__Task description__:
Exact repetition, pictures omitted: give every record below again.

[Web page caption snippets]
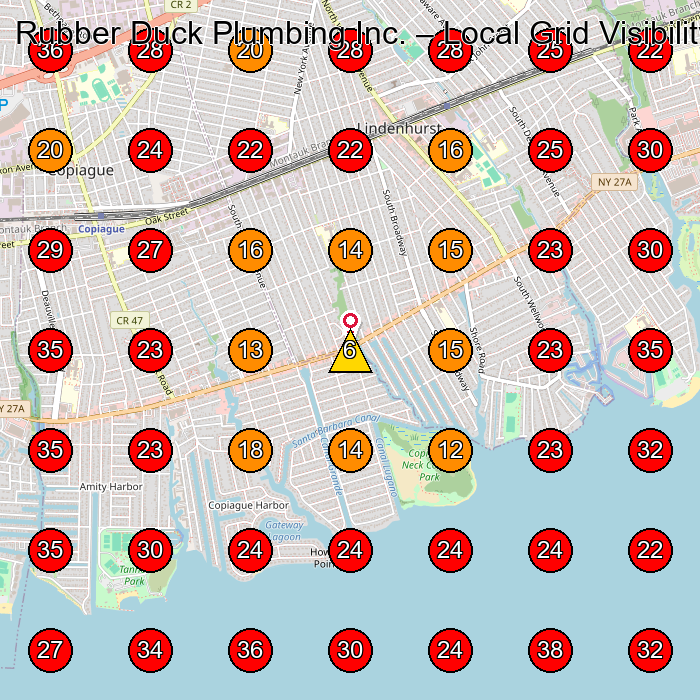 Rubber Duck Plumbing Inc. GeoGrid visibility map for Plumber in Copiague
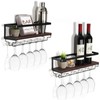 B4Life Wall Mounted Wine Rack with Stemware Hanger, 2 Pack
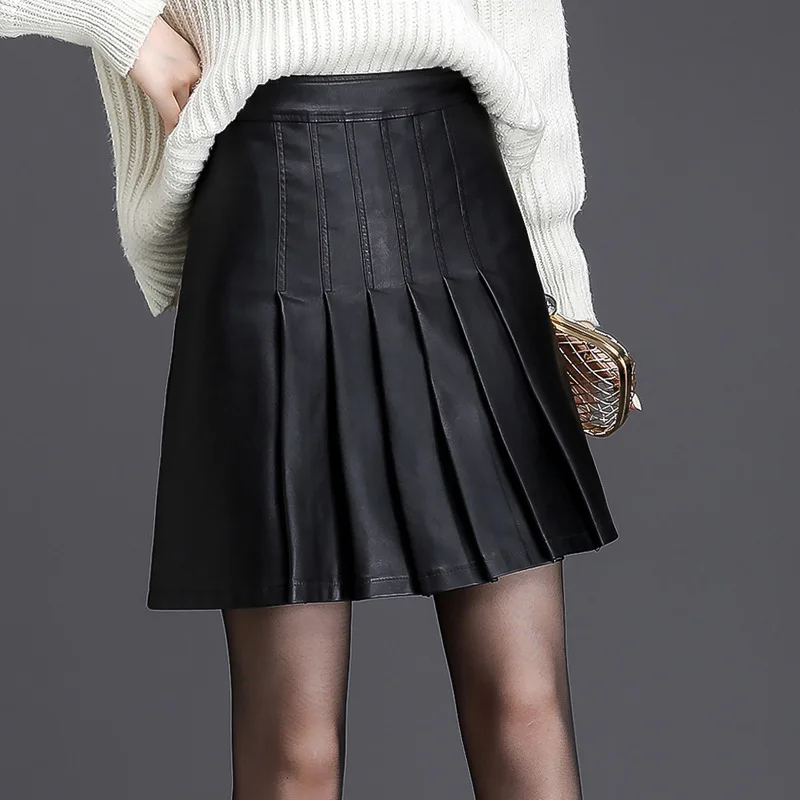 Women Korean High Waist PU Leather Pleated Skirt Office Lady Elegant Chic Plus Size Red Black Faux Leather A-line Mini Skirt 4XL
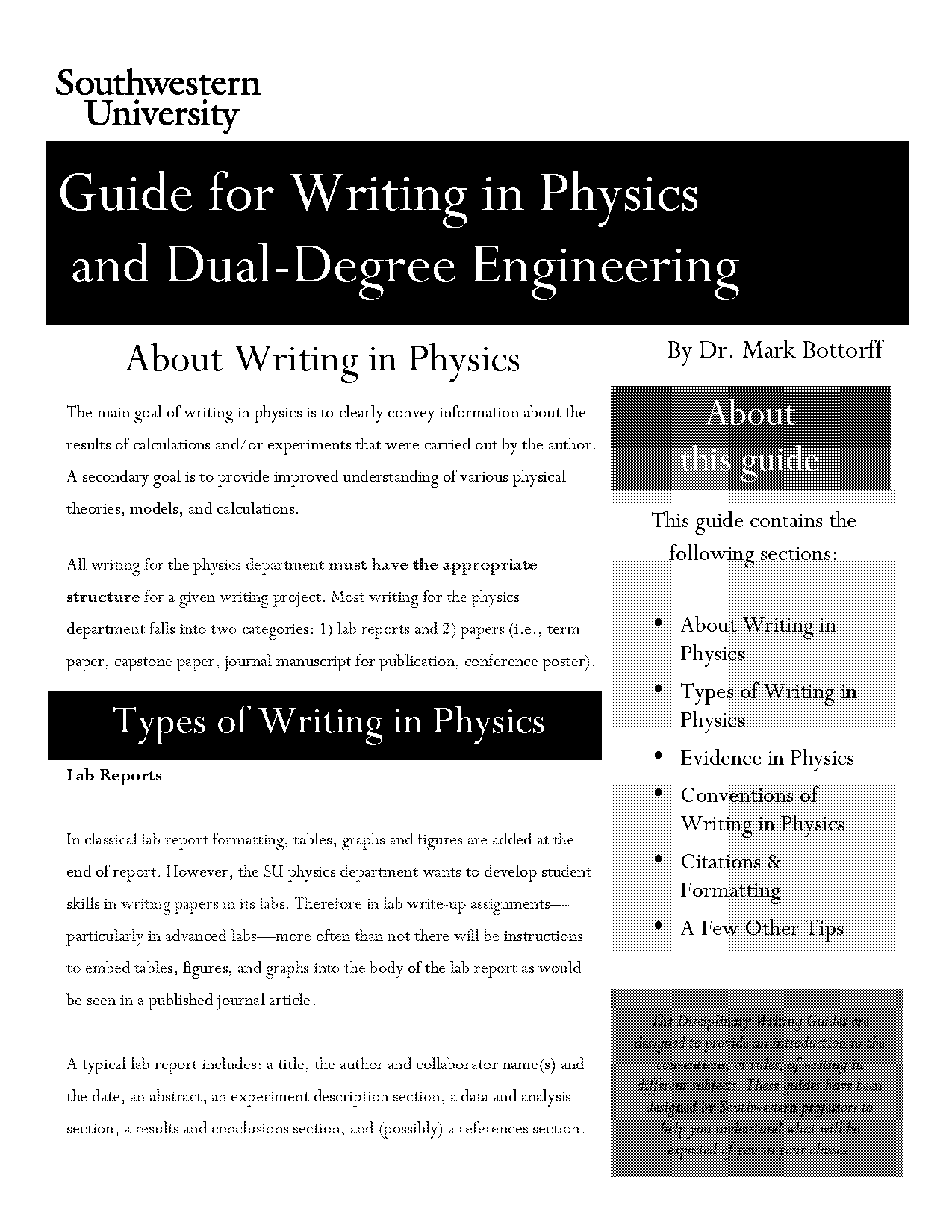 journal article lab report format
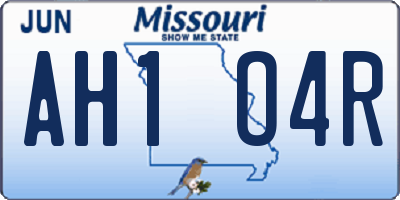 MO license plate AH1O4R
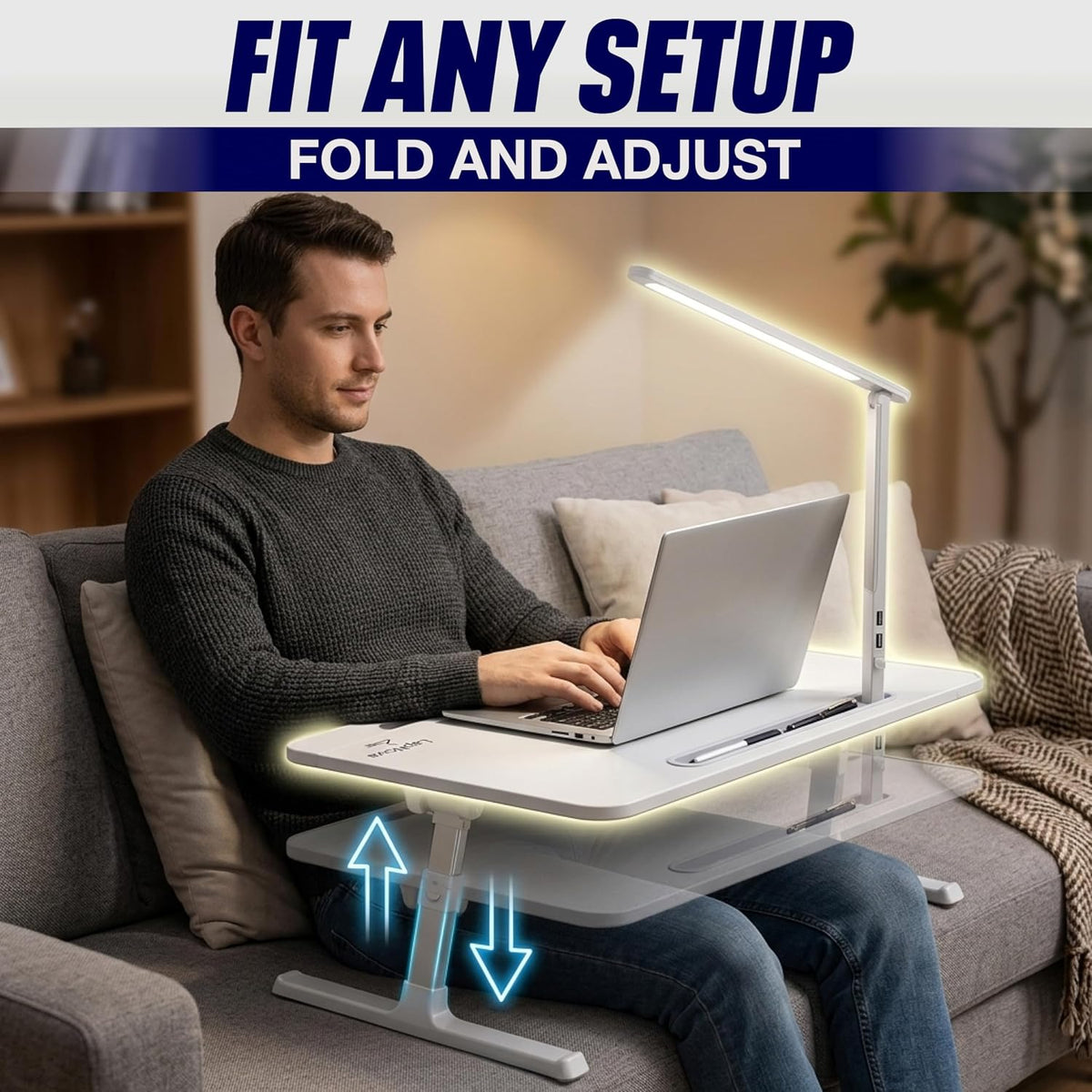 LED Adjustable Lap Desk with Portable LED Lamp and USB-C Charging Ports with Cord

__Answer__:
 Rubber Duck Plumbing Inc. GeoGrid visibility map for Plumber in Copiague
 B4Life Wall Mounted Wine Rack with Stemware Hanger, 2 Pack
 Women Korean High Waist PU Leather Pleated Skirt Office Lady Elegant Chic Plus Size Red Black Faux Leather A-line Mini Skirt 4XL
 journal article lab report format
 MO license plate AH1O4R
 LED Adjustable Lap Desk with Portable LED Lamp and USB-C Charging Ports with Cord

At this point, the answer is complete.